Wooden Carvings — Toys for the Souls

Among the Mentawai, carving umat simagere — small wooden figures — is an act of care for the soul. These carvings, most often shaped as birds but sometimes as fish or human forms, are created during major ceremonies, especially those surrounding a shaman’s initiation.
They are not decorations.
They are invitations.
 
In Mentawai belief, illness often arises when a person’s soul drifts away. To coax it back — or to keep it close during periods of ritual intensity — the kerei carve objects that the wandering soul will recognize as comforting and familiar, much like giving a child a toy to soothe and guide it home.
 
Using simple tools such as the balugui, shamans and elders shape these soft-wood figures with quick, practiced cuts. When finished, the toys are hung from the rafters of the uma, where they sway gently in the open air.
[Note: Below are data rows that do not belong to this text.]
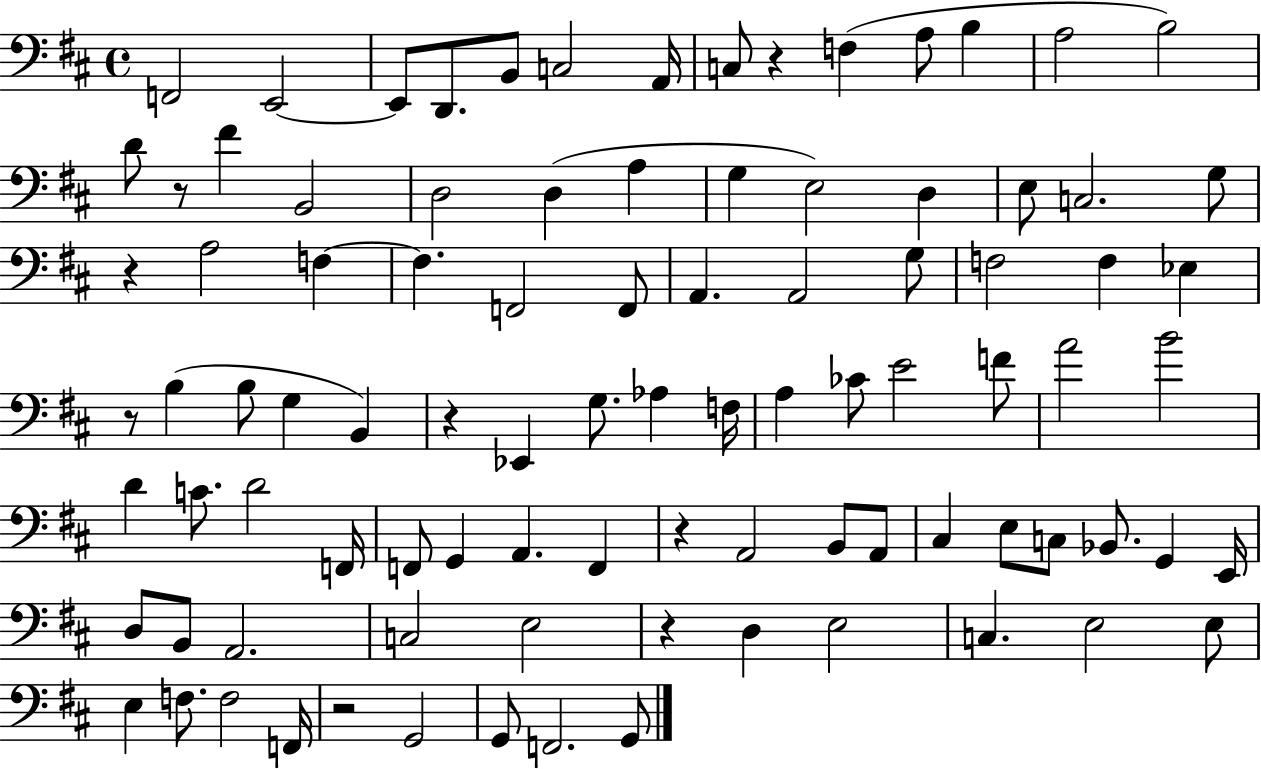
X:1
T:Untitled
M:4/4
L:1/4
K:D
F,,2 E,,2 E,,/2 D,,/2 B,,/2 C,2 A,,/4 C,/2 z F, A,/2 B, A,2 B,2 D/2 z/2 ^F B,,2 D,2 D, A, G, E,2 D, E,/2 C,2 G,/2 z A,2 F, F, F,,2 F,,/2 A,, A,,2 G,/2 F,2 F, _E, z/2 B, B,/2 G, B,, z _E,, G,/2 _A, F,/4 A, _C/2 E2 F/2 A2 B2 D C/2 D2 F,,/4 F,,/2 G,, A,, F,, z A,,2 B,,/2 A,,/2 ^C, E,/2 C,/2 _B,,/2 G,, E,,/4 D,/2 B,,/2 A,,2 C,2 E,2 z D, E,2 C, E,2 E,/2 E, F,/2 F,2 F,,/4 z2 G,,2 G,,/2 F,,2 G,,/2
Their movement, form, and presence call to the soul, reminding it of its place among kin.
 
During initiation ceremonies such as Alup, umat simagere play an even deeper role. They are placed above the entrance of the uma and suspended from tall bamboo poles along the river — signaling to spirits, ancestors, and wandering souls that a great ritual is underway and that all are welcome.
 
These small carvings hold an extraordinary tenderness.
They are humble, almost playful, yet they embody one of the deepest truths of Mentawai cosmology: that the soul is sensitive, curious, and in need of care — and that even a simple wooden bird can help maintain the balance between body, spirit, and the unseen.